* **Brief**
Write out exactly, and only, the lines below from the line with "Roller Shoes Retractable" through the line with "Nutraxin Iron Max 17 Mg 90 Tablet"; pictures do not belong in the copy.

* **Given records**
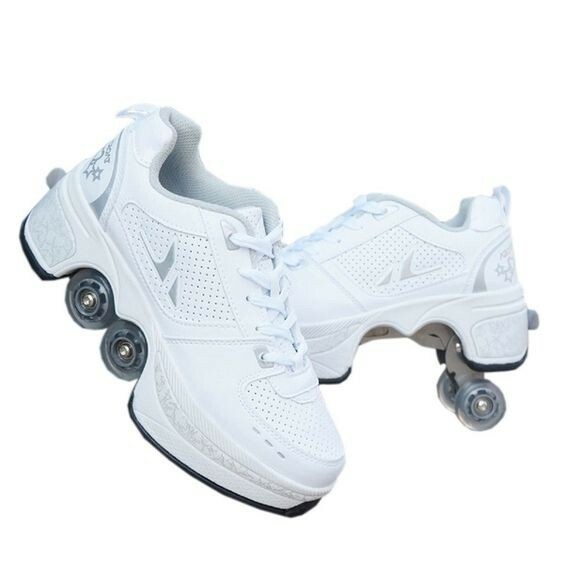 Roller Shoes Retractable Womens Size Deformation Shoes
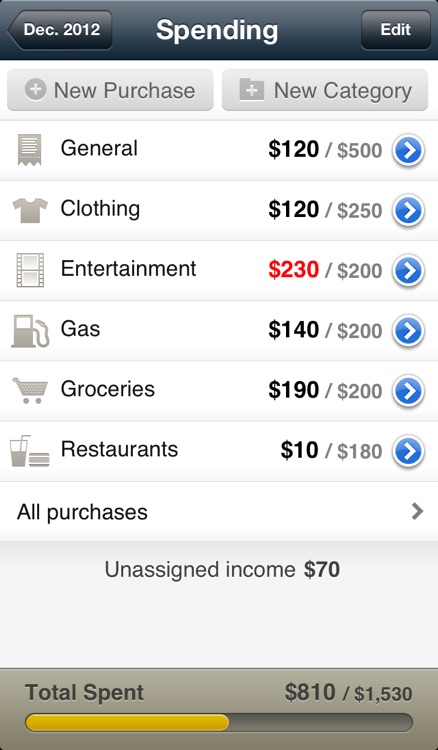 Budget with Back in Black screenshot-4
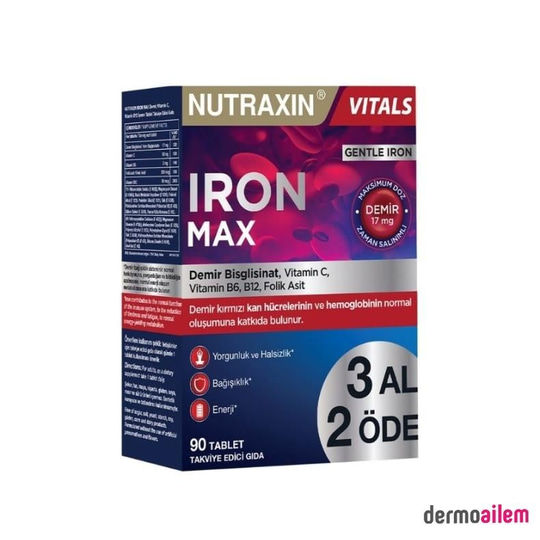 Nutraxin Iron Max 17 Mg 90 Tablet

---

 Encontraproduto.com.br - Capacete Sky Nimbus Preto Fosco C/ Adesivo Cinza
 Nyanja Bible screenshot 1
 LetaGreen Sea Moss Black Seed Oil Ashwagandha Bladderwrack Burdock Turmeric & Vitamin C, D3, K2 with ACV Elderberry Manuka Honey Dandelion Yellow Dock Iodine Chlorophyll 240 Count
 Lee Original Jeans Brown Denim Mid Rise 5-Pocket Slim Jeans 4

* * *

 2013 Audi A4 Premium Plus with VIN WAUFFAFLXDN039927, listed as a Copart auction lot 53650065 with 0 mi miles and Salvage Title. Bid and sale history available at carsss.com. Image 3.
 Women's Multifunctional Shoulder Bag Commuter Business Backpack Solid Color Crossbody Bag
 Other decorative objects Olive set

* **Response to this task**
 Roller Shoes Retractable Womens Size Deformation Shoes
 Budget with Back in Black screenshot-4
 Nutraxin Iron Max 17 Mg 90 Tablet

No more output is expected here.